Sabtu 31 Jan 2026 11:27 WIB
Red: Fian Firatmaja
Gus Yahya: PBNU tak Terkait Kasus Kuota Haji
REPUBLIKA.CO.ID,JAKARTA -- Ketua Umum Pengurus Besar Nahdlatul Ulama (PBNU) KH Yahya Cholil Staquf (Gus Yahya) menegaskan bahwa PBNU sama sekali tidak terlibat dalam perkara dugaan korupsi kuota haji yang tengah ditangani Komisi Pemberantasan Korupsi (KPK), termasuk pemeriksaan terhadap mantan Menteri Agama RI sekaligus adik kandungnya, Yaqut Cholil Qoumas (Gus Yaqut).
“PBNU dan Nahdlatul Ulama saya jamin sama sekali tidak terlibat dan tidak terkait dengan persoalan yang sedang dihadapi oleh Yaqut di KPK itu. Saya kira ini yang perlu kami tegaskan,” ujar Gus Yahya saat konferensi pers di Kantor PBNU, Jakarta Pusat, Jumat (30/1/2026).
"Nah bahwa manusia individu-individu ini mungkin melakukan kekeliruan ya itu adalah tanggung jawab individu bukan tanggung jawab dari institusi," ucapnya.
Gus Yahya menegaskan, meski Yaqut merupakan adik kandungnya, ia sama sekali tidak ikut campur dalam proses hukum yang berjalan. Ia menyerahkan sepenuhnya penanganan perkara tersebut kepada aparat penegak hukum.
“Dalam urusan yang menyangkut Yaqut, orang tahu semua itu adik saya ya dalam masalah hukumnya saya sama sekali tidak campur tangan. Silahkan diproses seperti apa," ucapnya.
Namun, Gus Yahya berharap, proses hukum yang tengah ditangani KPK ini bisa ditegakkan seadil-adilnya. "Saya berharap bahwa keadilan sungguh-sungguh bisa ditegakkan dalam soal ini," kata Gus Yahya.
Isu penegakan hukum dalam perkara kasus kuota haji ini juga mengemuka dalam diskusi publik bertajuk “Tabayyun Gus Yaqut: Menegakkan Keadilan Hukum, Menghormati Kemanusiaan” yang digelar Forum Alumni Pergerakan Mahasiswa Islam Indonesia Universitas Indonesia (Forum Alumni PMII UI) di Makara Art Center, Universitas Indonesia, Depok, Jumat (30/1/2026).
Dalam diskusi tersebut, pakar hukum Prof. Rudy Lukman menegaskan bahwa penegakan hukum tidak boleh dilakukan secara tergesa-gesa dan tidak boleh mengarah pada kriminalisasi.

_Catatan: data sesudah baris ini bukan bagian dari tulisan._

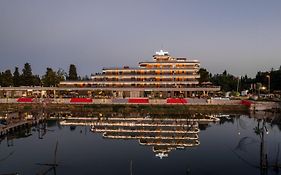 Dulamerovic Hotel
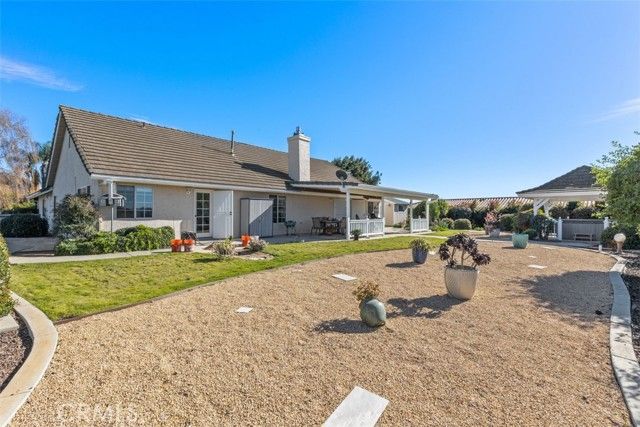 1765 Armadale Road, Fallbrook, CA 92028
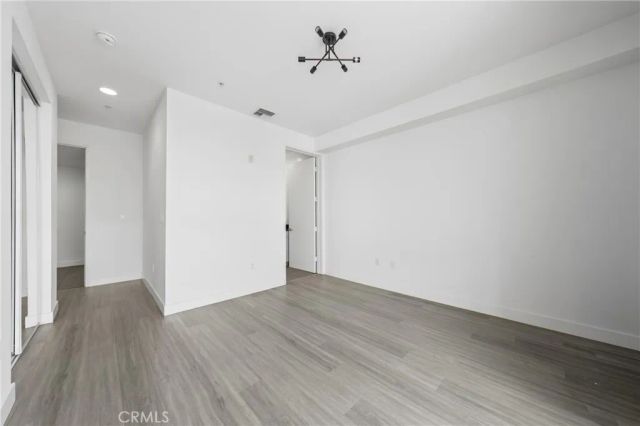 10911 Wellworth 1A, Los Angeles, CA 90024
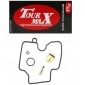 5.4003.065 ик комплект ремонтный карбюратор yamaha xj 900 s 95 - 03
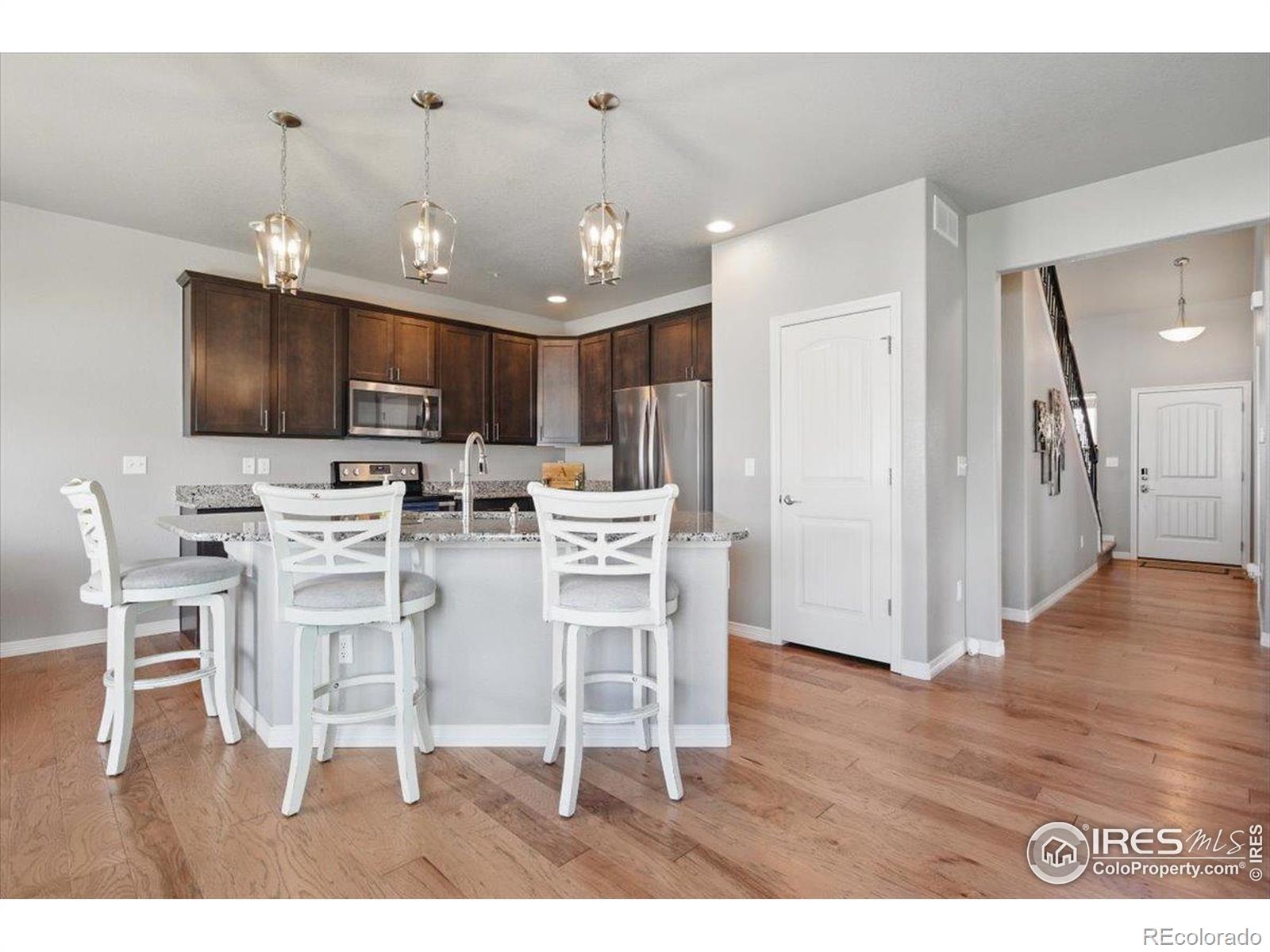 MLS Image #10 for 5816  osbourne court,windsor, Colorado
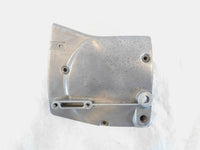 Harley Davidson Sportster 1200 & 883 Front Belt Pulley Drive Sprocket Cover - C3 Cycle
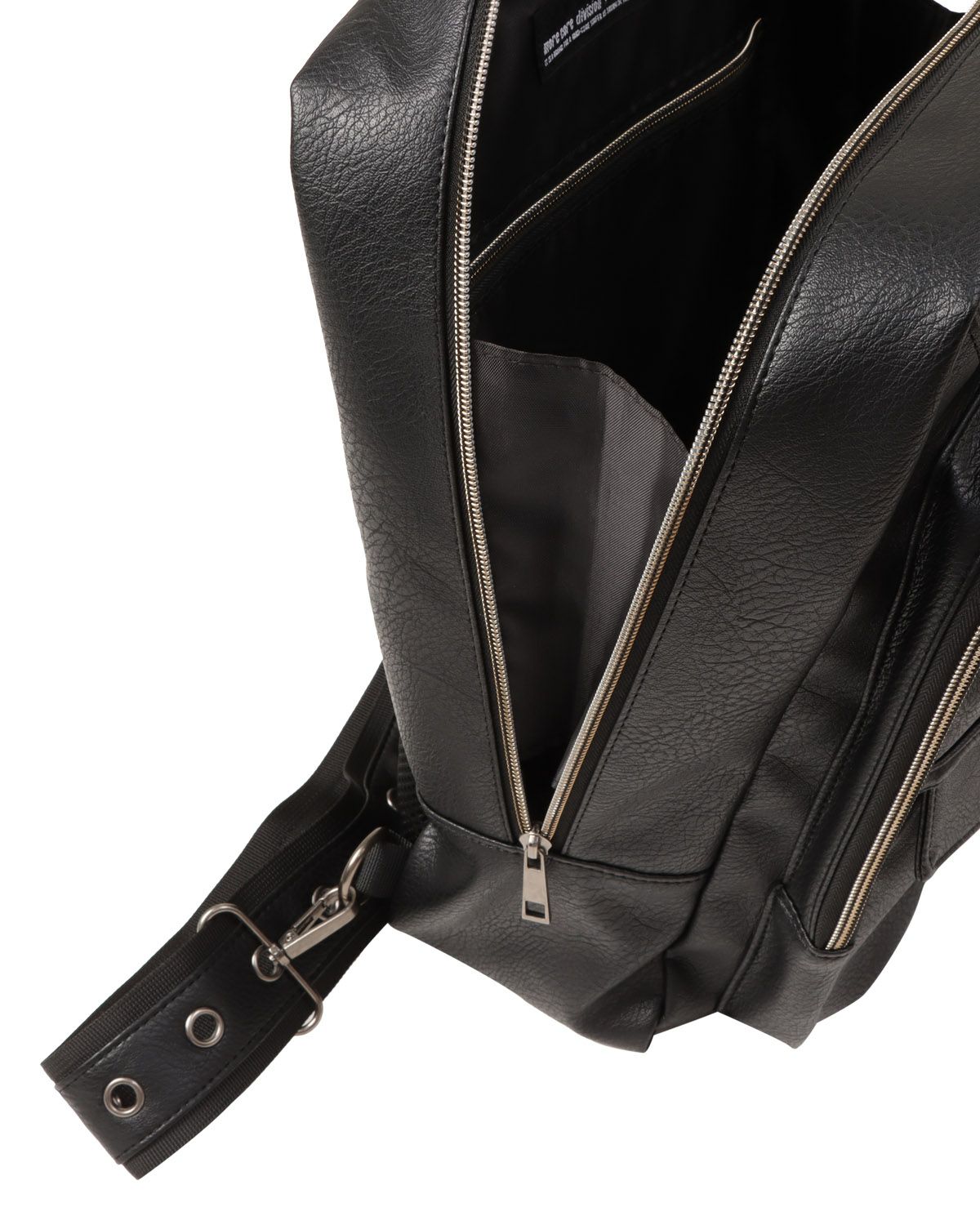 アイテムイメージ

“Prinsip umum dalam penegakan hukum adalah tidak boleh untuk tujuan kriminalisasi. Bahkan dikenal kaidah bahwa lebih baik membebaskan seribu orang bersalah daripada menghukum satu orang yang tidak bersalah,” ujar Prof Rudy.
Ia menekankan pentingnya kehati-hatian, objektivitas, dan kepastian hukum agar keadilan substantif benar-benar terwujud dalam setiap proses penegakan hukum.
Dalam kesempatan yang sama, Juru Bicara Gus Yaqut, Anna Hasbie, menjelaskan bahwa kebijakan kuota tambahan haji memiliki dasar hukum yang jelas. Menurutnya, Pasal 9 Undang-Undang Haji membuka ruang adanya kuota tambahan dalam kondisi tertentu.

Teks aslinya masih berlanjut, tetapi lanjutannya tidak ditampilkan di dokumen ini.